What is needed: Exact repetition, pictures omitted: give every record below again.

Records provided:
=== Section Start ===
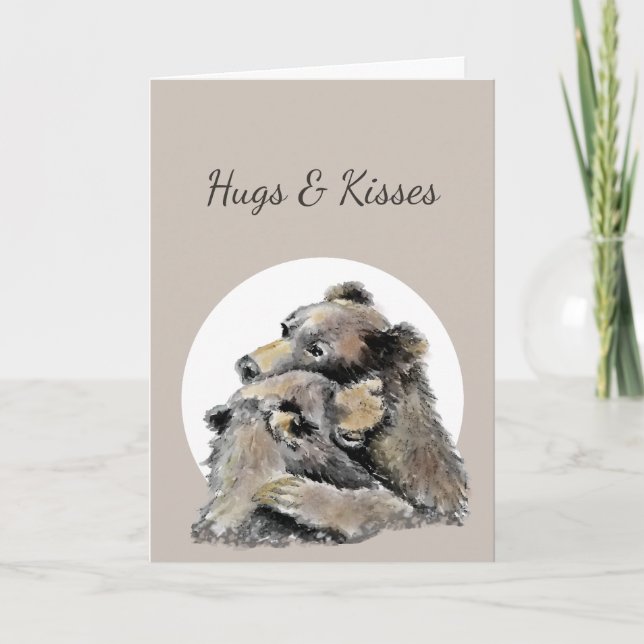 Hugs & Kisses Beary Warm Wishes Get Well Soon Holiday Card (Front)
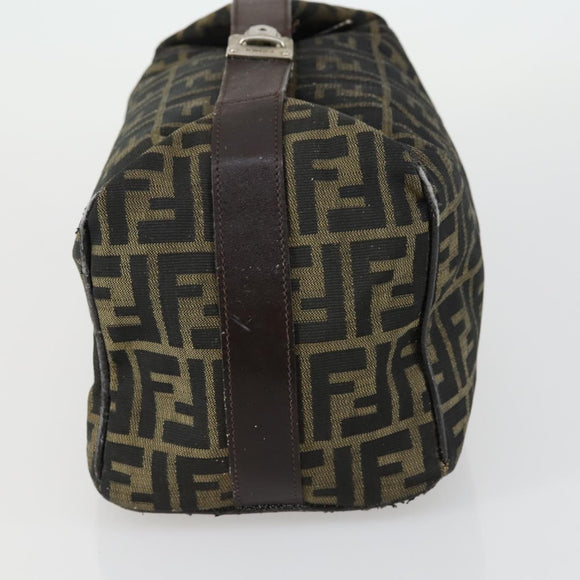 FENDI Zucca Canvas Vanity Pouch Black Brown Auth 153872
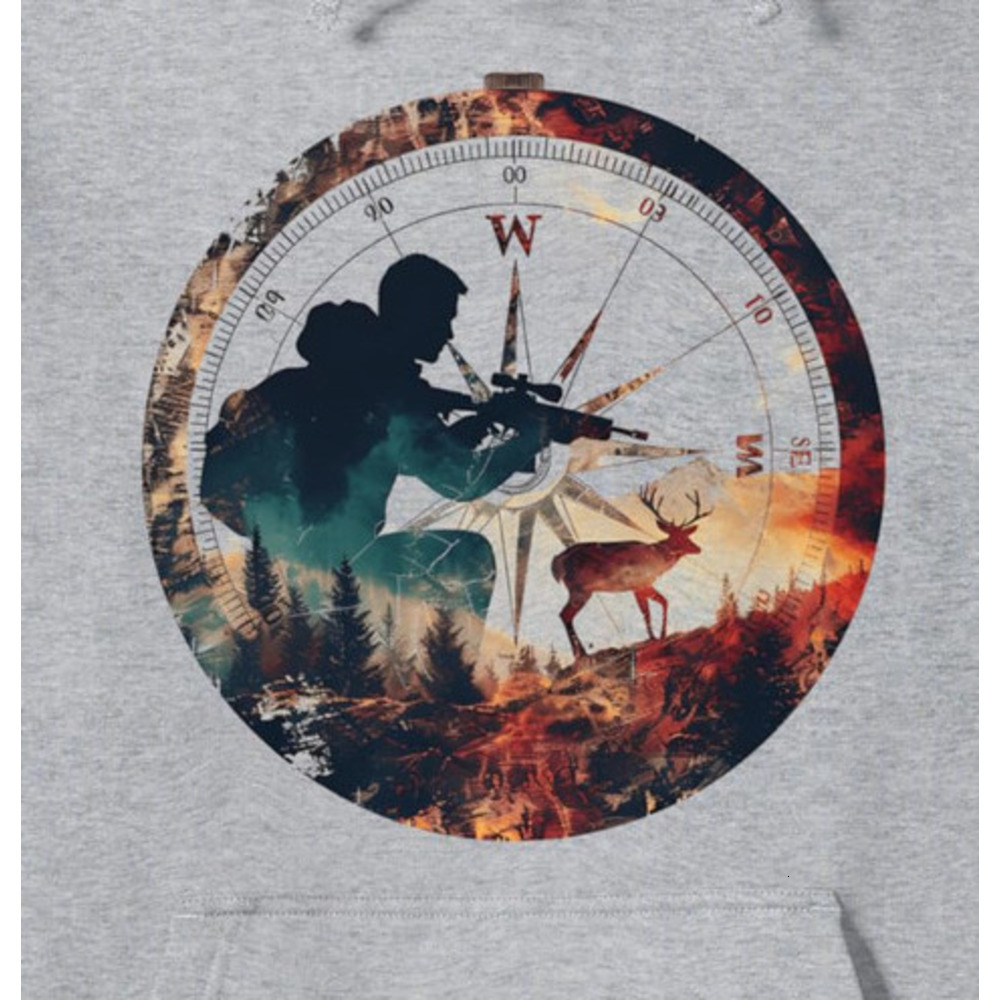 Hoodie for Mens Womens Hunting Compass Deer Hunter Gift Idea For Men Pullover Hoodie Graphic Hoodies sweatshirt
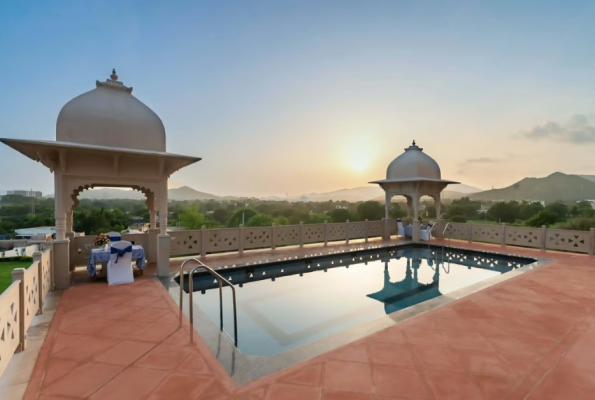 Poolside at Traavista Aravali Mahal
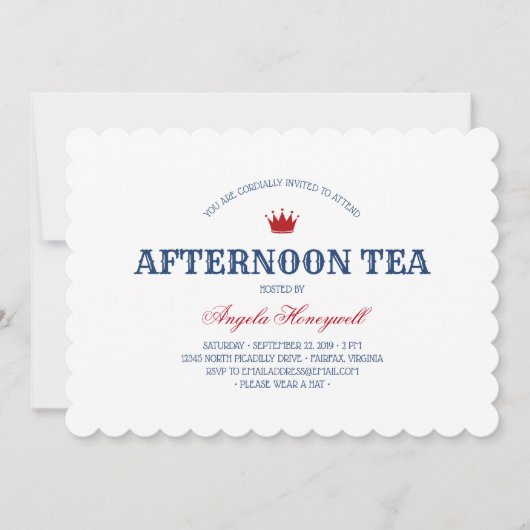 英国国旗のアフタヌーンティーパーティー 招待状 (正面)
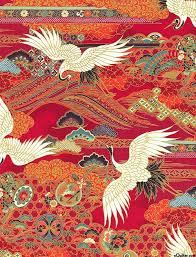 Equilter Japanese Import 1000 Tsuru Ii Cranes Overhead Red Gold Japanese Art Japan Art Asian Art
=== Section End ===
Answer space:
 Hugs & Kisses Beary Warm Wishes Get Well Soon Holiday Card (Front)
 FENDI Zucca Canvas Vanity Pouch Black Brown Auth 153872
 Hoodie for Mens Womens Hunting Compass Deer Hunter Gift Idea For Men Pullover Hoodie Graphic Hoodies sweatshirt
 Poolside at Traavista Aravali Mahal
 英国国旗のアフタヌーンティーパーティー 招待状 (正面)
 Equilter Japanese Import 1000 Tsuru Ii Cranes Overhead Red Gold Japanese Art Japan Art Asian Art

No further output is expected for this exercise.